A tropical storm warning was issued for Guadeloupe and Dominica, the latter still recovering after a battering by Hurricane Maria in September as a Category 5 storm. Dominica’s meteorological service said weather conditions would start deteriorating Saturday night and warned of at least four inches of rain, with the storm expected to pass over or near Dominica late Sunday or early Monday.
Dominica Prime Minister Roosevelt Skerrit said in a public address that the storm’s track and intensity could still change and urged people to remain alert. He also asked people to store water because he said the government would be shutting down the water system as a protective measure.
“They should not let their guard down,” he said.
A tropical storm watch was issued for the French Caribbean territories of Martinique, St. Martin and St. Barts as well as St. Maarten and the islands of Barbados, St. Lucia, Saba and St. Eustatius. Deeper into the Caribbean, a state of emergency was declared in Puerto Rico, where Maria caused damages estimated at more than $100 billion.
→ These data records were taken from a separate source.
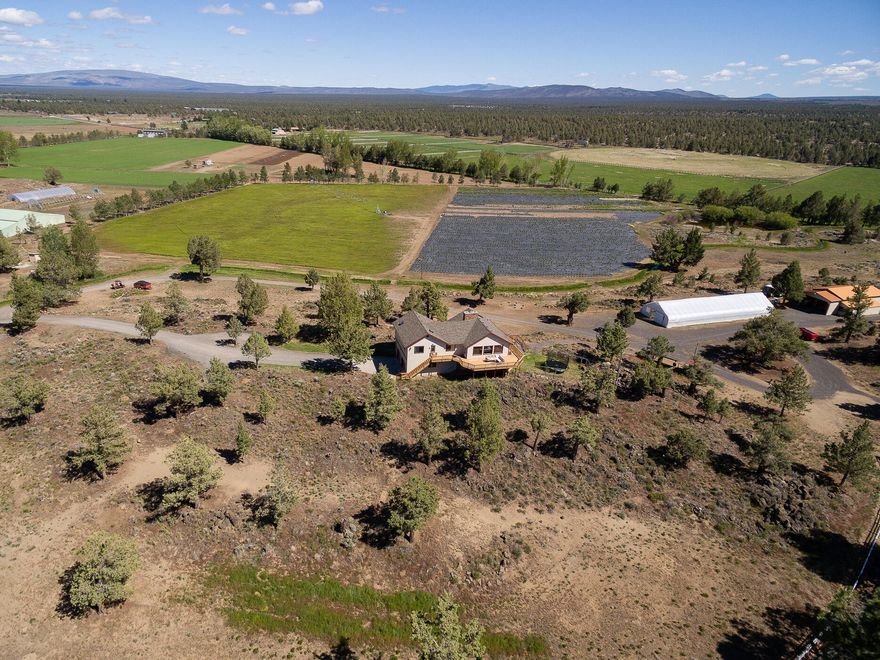 With 360 degree views including the Cascade Mountain Range from Bachelor to Jefferson, and even Hood on a clear day, this custom built 2,458 sf home on 40.18 fenced acres close to Bend is a stunning and tranquil place to call home. There is so much to this property, it is truly a must see. There is a 992 sf guest home with a separate private gated entrance, two 100' greenhouses, a 2220 sf barn/shop, two ponds, private BLM access, 5.5 acres of lavender on drip, 10 acres of water rights, full RV hookups and more. The main home also features a private, gated entrance, vaulted ceilings with windows to take advantage of the incredible views, large wrap around deck, custom cabinetry, tile wood floors, 4 bedrooms and 3 full baths. Fresh air, views, space, and nature at your doorstep. This is an amazing property!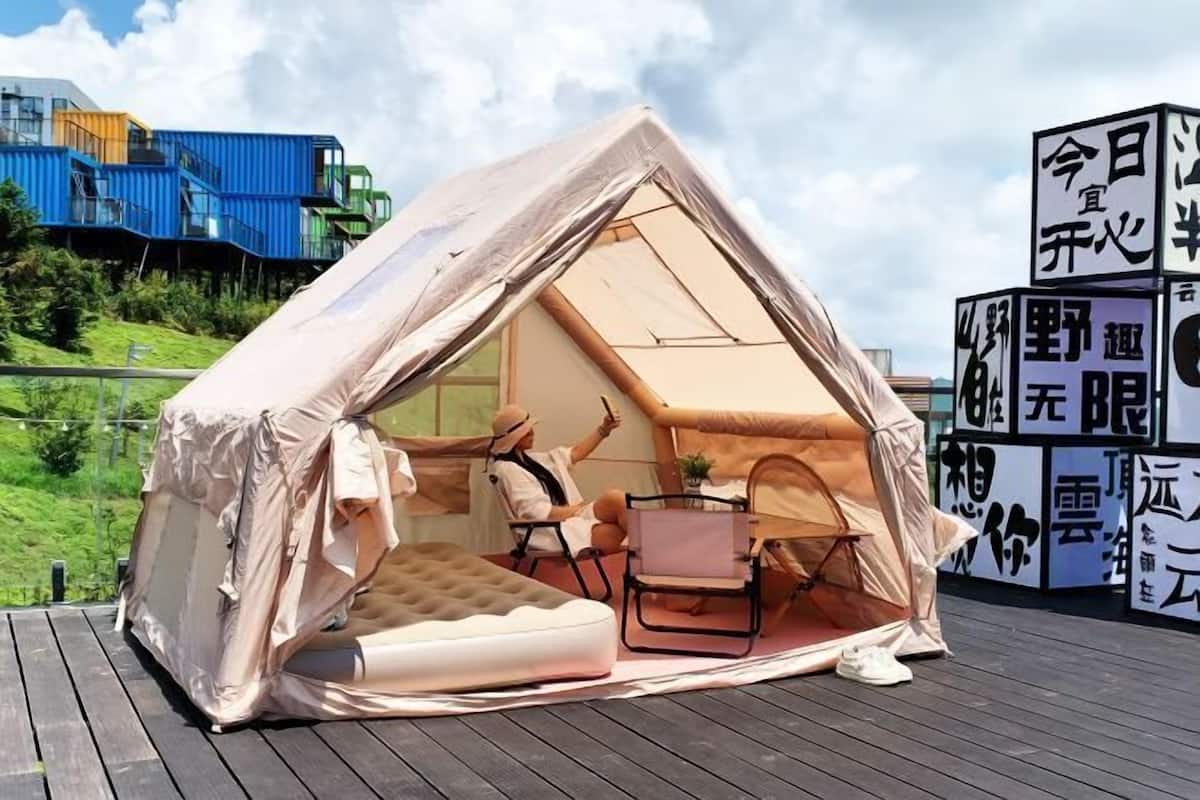 A tent-like structure with a mattress and a chair inside, set on a wooden deck.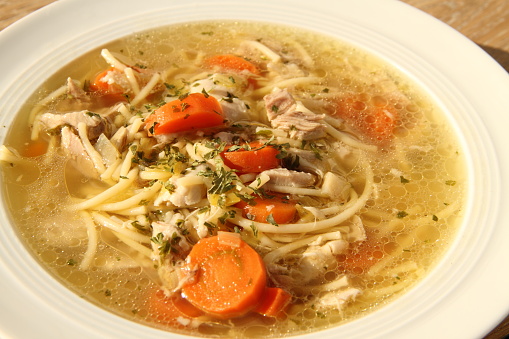 a delicious chicken soup with carrots on the table as a background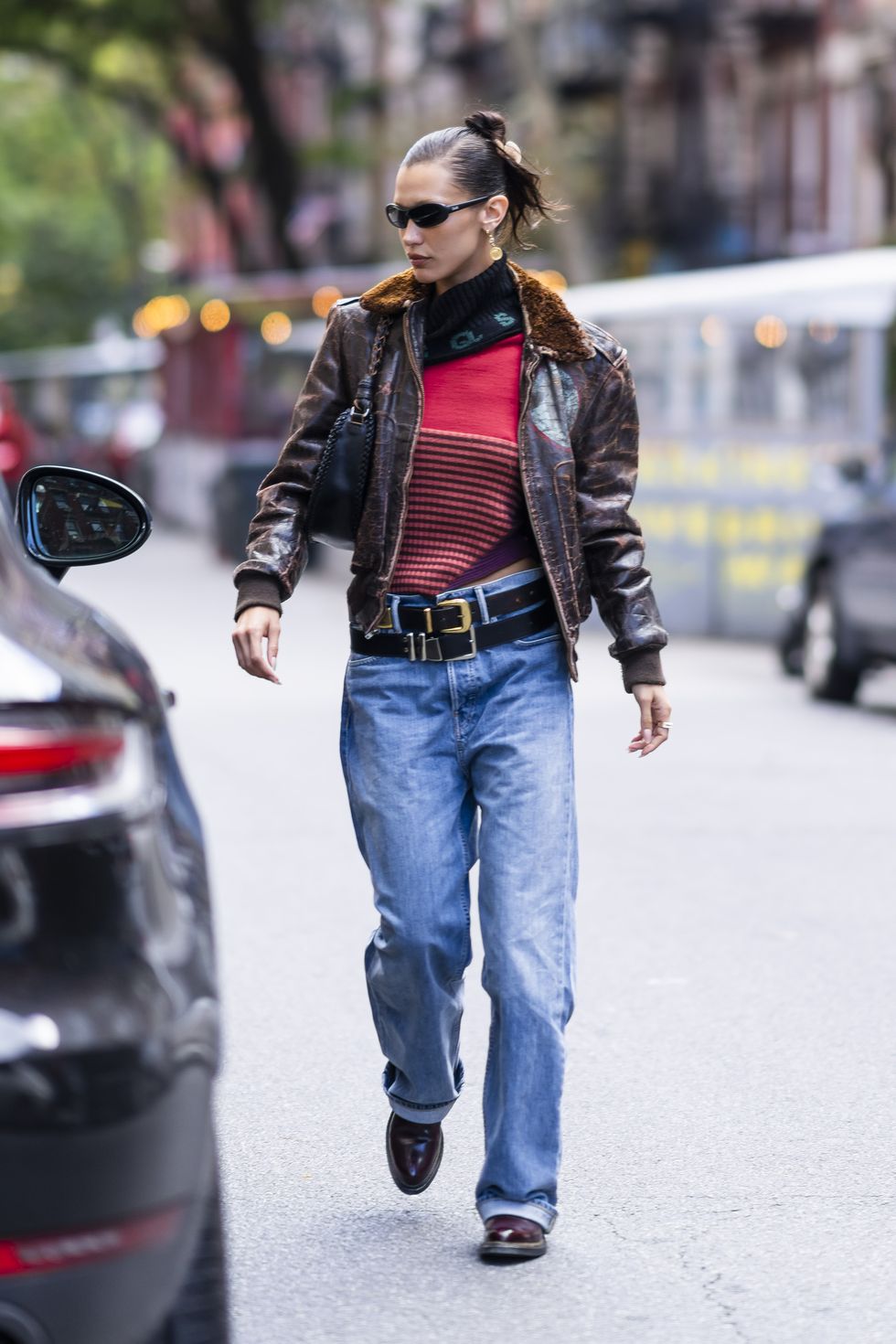 Maroon ribbed leather pants and leather top ensemble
Beryl had become the first hurricane of the Atlantic season Friday, but it weakened to a tropical storm Saturday. Late in the afternoon, the U.S. National Hurricane Center said Beryl had maximum sustained winds of 50 mph. It was centered 605 miles east-southeast of the Lesser Antilles and was moving west at 17 mph.
Forecasters said Beryl was expected to weaken further after entering the Caribbean. It was expected to pass south of Puerto Rico on Monday, but forecasters warned the stormwracked U.S. territory could see up to 30 mph winds and heavy rains that could cause flooding and mudslides.
Meteorologist Ernesto Morales said two to four inches of rain was expected across Puerto Rico, with higher amounts in isolated areas.
Forecasters said Beryl probably would dissipate once it moved south of Haiti and the Dominican Republic on Tuesday or Wednesday.